### WORK TO COMPLETE
Leave the pictures in the listing below aside and reproduce exactly the lines starting with the one with "雁塔800kw康明斯柴油发电机组" and going on through the one with "En hornkvartett ur", both ends included.

### SOURCE DATA
*** Block opens ***

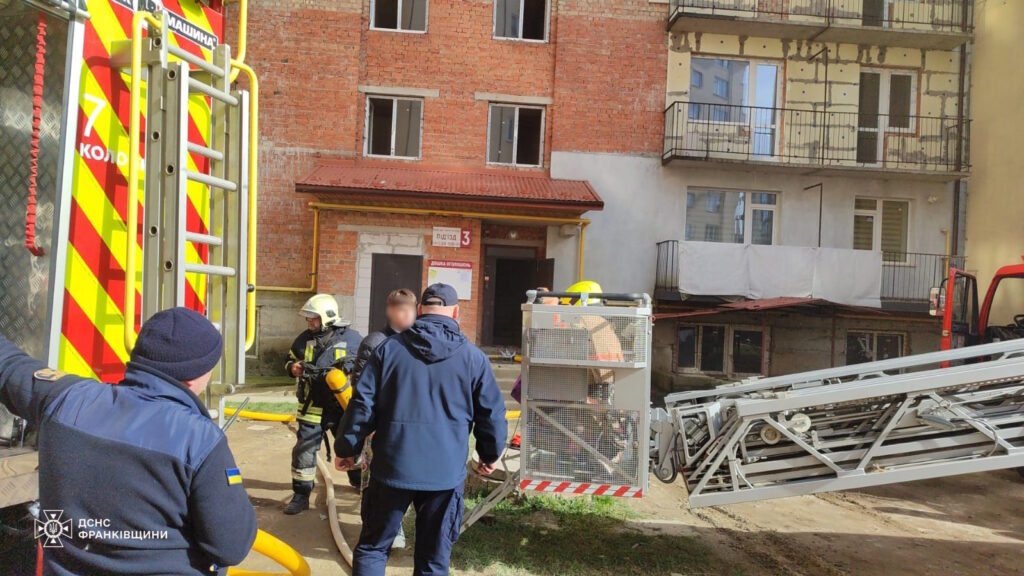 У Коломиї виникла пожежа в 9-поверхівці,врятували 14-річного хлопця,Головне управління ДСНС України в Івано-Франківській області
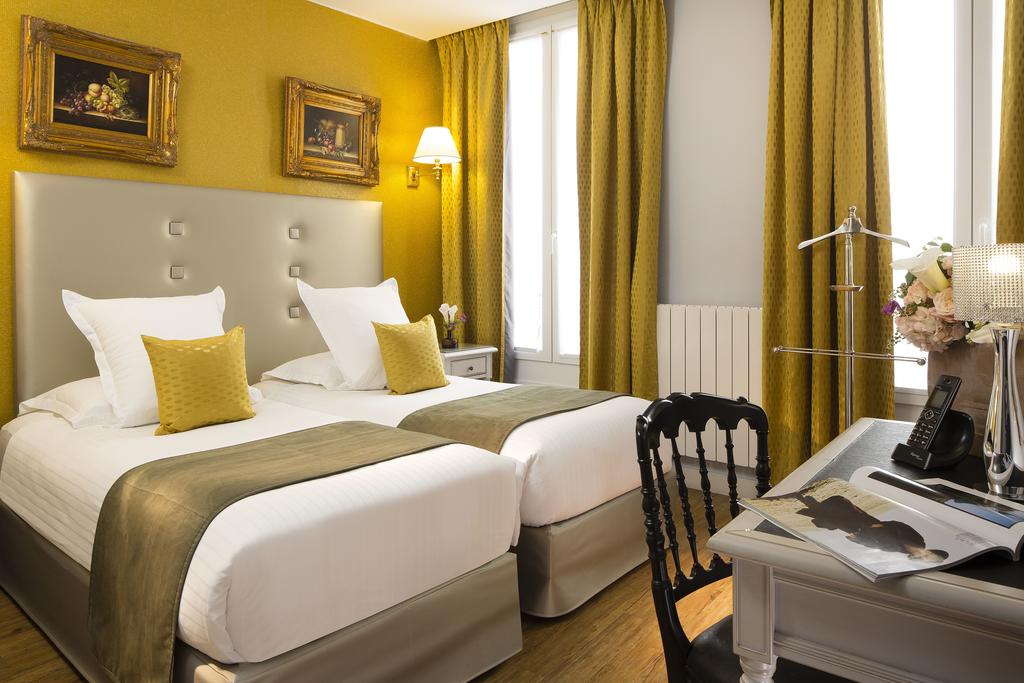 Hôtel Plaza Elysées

*** Block closes ***
*** Block opens ***

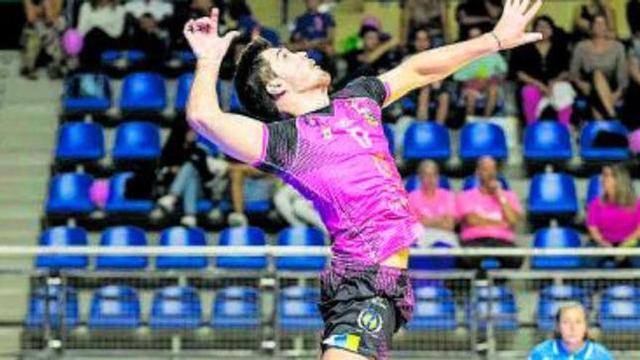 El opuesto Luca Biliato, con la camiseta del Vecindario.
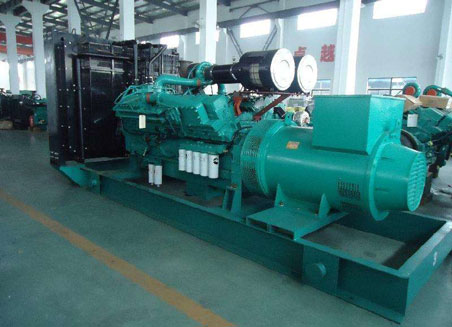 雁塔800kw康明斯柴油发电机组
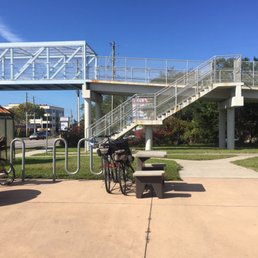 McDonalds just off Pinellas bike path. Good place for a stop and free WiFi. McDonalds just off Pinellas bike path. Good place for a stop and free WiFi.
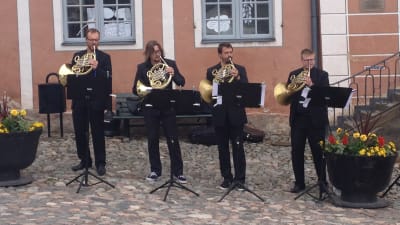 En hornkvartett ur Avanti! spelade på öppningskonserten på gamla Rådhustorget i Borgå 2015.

*** Block closes ***

### ANSWER SECTION
 雁塔800kw康明斯柴油发电机组
 McDonalds just off Pinellas bike path. Good place for a stop and free WiFi. McDonalds just off Pinellas bike path. Good place for a stop and free WiFi.
 En hornkvartett ur Avanti! spelade på öppningskonserten på gamla Rådhustorget i Borgå 2015.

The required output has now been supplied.